I was over in South Africa recently, at a Murray Mexted IRANZ coaching stint, and who should turn up one day but Springbok coach Peter de Villiers. Well, all I can say is ... what an odd little man.
He just rubs people up the wrong way in a short space of time and, after he'd gone, one of the South African coaches there said to me in a thick Bok accent: "You see, Richard, what we have to put up with?"
De Villiers has held on to his job after the recent review - but it was a bit of a circus.
Politically, it appears he tried to blame Dick Muir and Gary Gold, his assistants, to save his own job.
It came out in the South African media that he had tried to interest at least four other people in the job - Western Province coach Allister Coetzee, Bulls coach Frans Ludeke, former Bulls coach Heyneke Meyer and even former All Black coach (now with the Lions) John Mitchell.
All turned him down, apparently. However, the news that de Villiers had been approaching others got out - and made the SARU and de Villiers look a bit sick.
They followed that up by announcing the coaching team had been retained in full - but that was pretty transparent to most people.
Also breaking in the media over there was the story that Absa - the big company which sponsors the Currie Cup and the Boks - was putting the pressure on the SARU to press further ahead with transformation.
That's the cute word invented to say that black or coloured players get into teams ahead of white players, even though they might not have the ability yet.
You can see why the South Africans want to do this long-term - but just ahead of a World Cup is not the time to be making political selections, based on race.

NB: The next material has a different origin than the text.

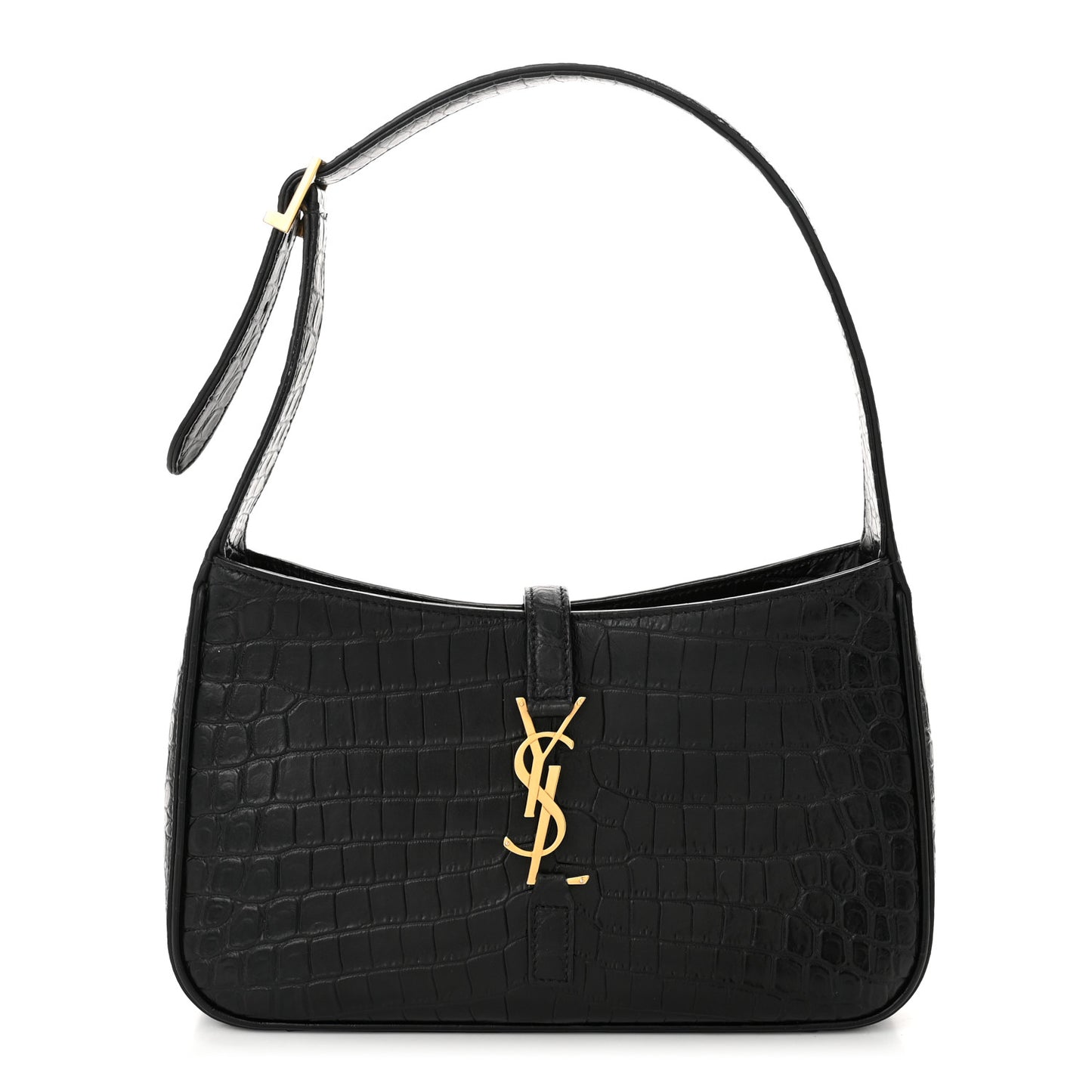 Calfskin Crocodile Embossed LE 5 A 7 Hobo Black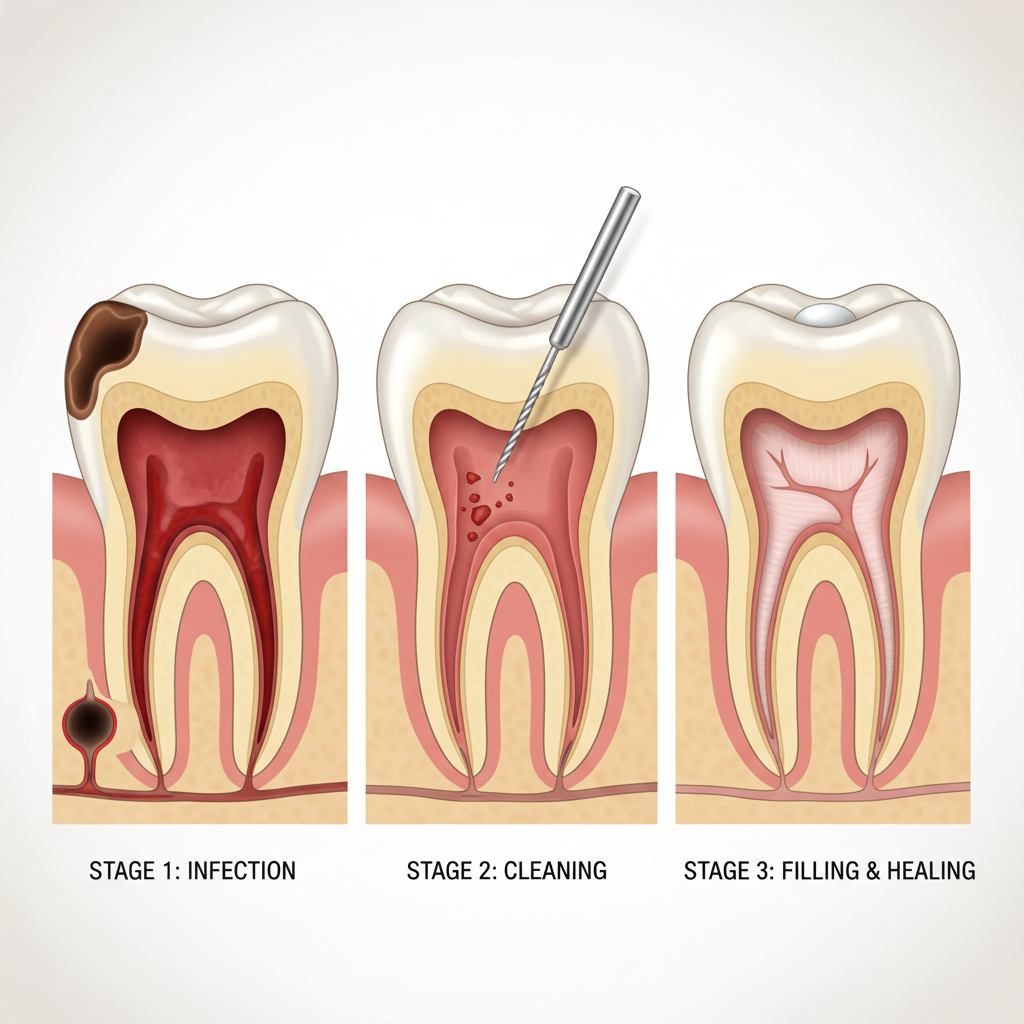 Illustration of root canal therapy procedure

I have worked with a lot of South African academy players to whom this has happened and they all say they wouldn't be worried if the black or coloured players chosen over them were better than they were.
You add all this up and it amounts to big trouble for the Boks. We all know the senior players are running the team - but if that team is going to be heavily populated with players not chosen strictly on merit, anyone would struggle with that assignment.
De Villiers originally intended to take a second-string Bok side to Europe for their end of year tour which starts next month, to rest his senior players ahead of RWC 2011. But now he is starting to make noises that he might take his stars - or most of them.
I spoke to Dick Muir a few weeks ago and he told me they badly needed to rest their senior players to get them right for next year. You see, Muir is thinking of the future.
For de Villiers, a man under pressure, the future is his next game.
Meanwhile, in Australia, Robbie Deans has been building depth, talent and experience - and attitude.
I believe that if he can get his front five right, the Wallabies will be a real problem come World Cup time.
They are already the closest to the All Blacks at present in terms of style, skill and approach.